Previous studies often associated a specific type of ownership mode
with the extent of control a parent firm may have over (strategic) decision-making
in a foreign subsidiary, suggesting that parent firms should have higher control
over wholly-owned subsidiaries (WoS) than international joint ventures (IJVs).

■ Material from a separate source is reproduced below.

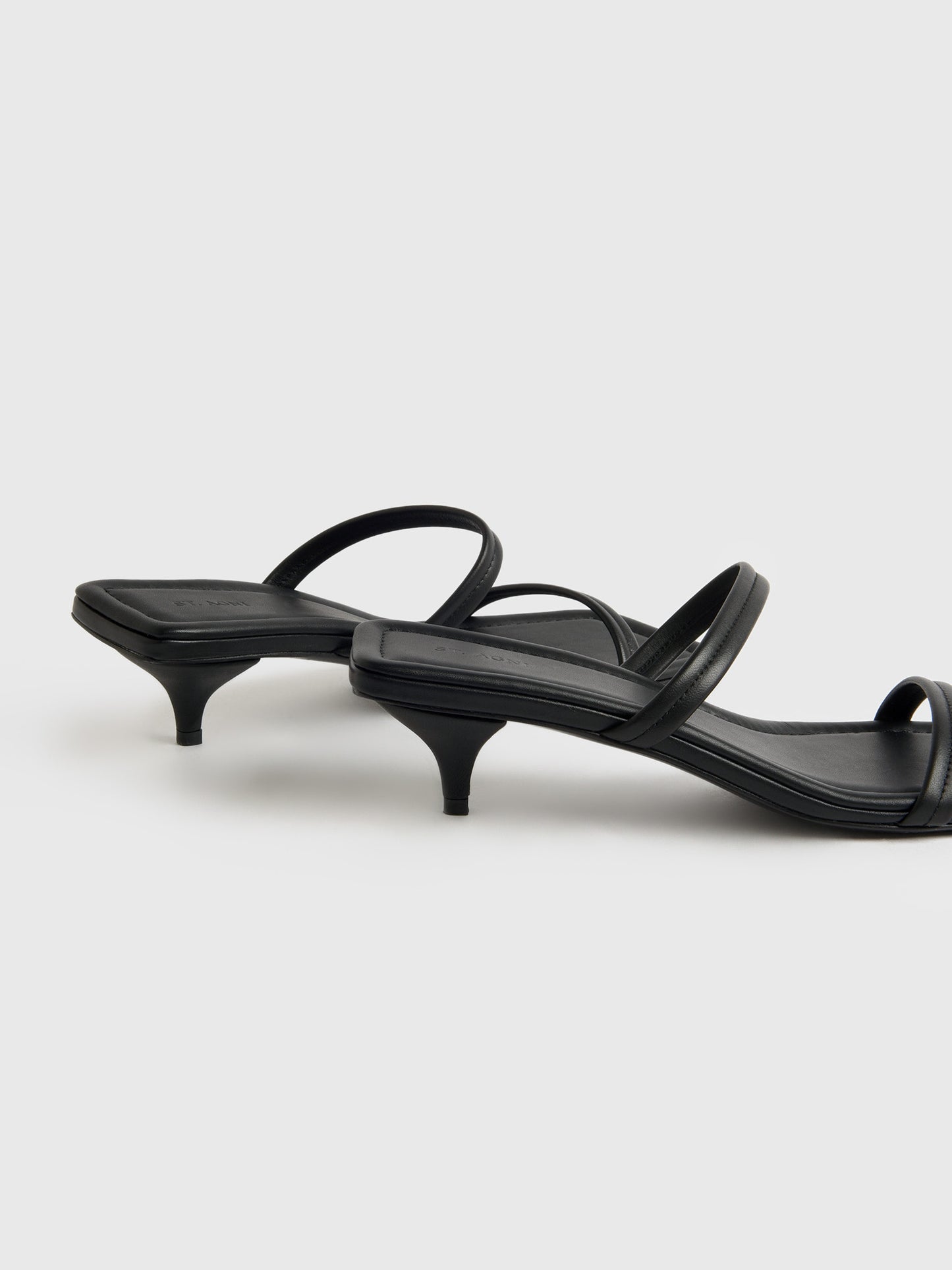 S25- 121BLKxBLACK-alt4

Building on principal agent theory, we argue that in the Chinese context higher
ownership levels do not necessarily have a positive effect on the extent of control
over the foreign subsidiary. We further argue that cultural distance between the
parent firm and the subsidiary moderates this relationship. We test our hypotheses
using data from a sample of 156 foreign subsidiaries in the People's Republic of
China (PRC) and find strong support for our arguments. Our findings show that in
WoS parent firms reduce their extent of control, while in IJVs parent firms
increase their extent of control. Moreover, we find that extent of control over
WoS (IJVs) declines (increases) when cultural distance increases. Our results have
significant theoretical implications for international business (IB) research as they
challenge existing views with regard to the relationship between ownership mode
and control as well as the moderating effect of cultural distance.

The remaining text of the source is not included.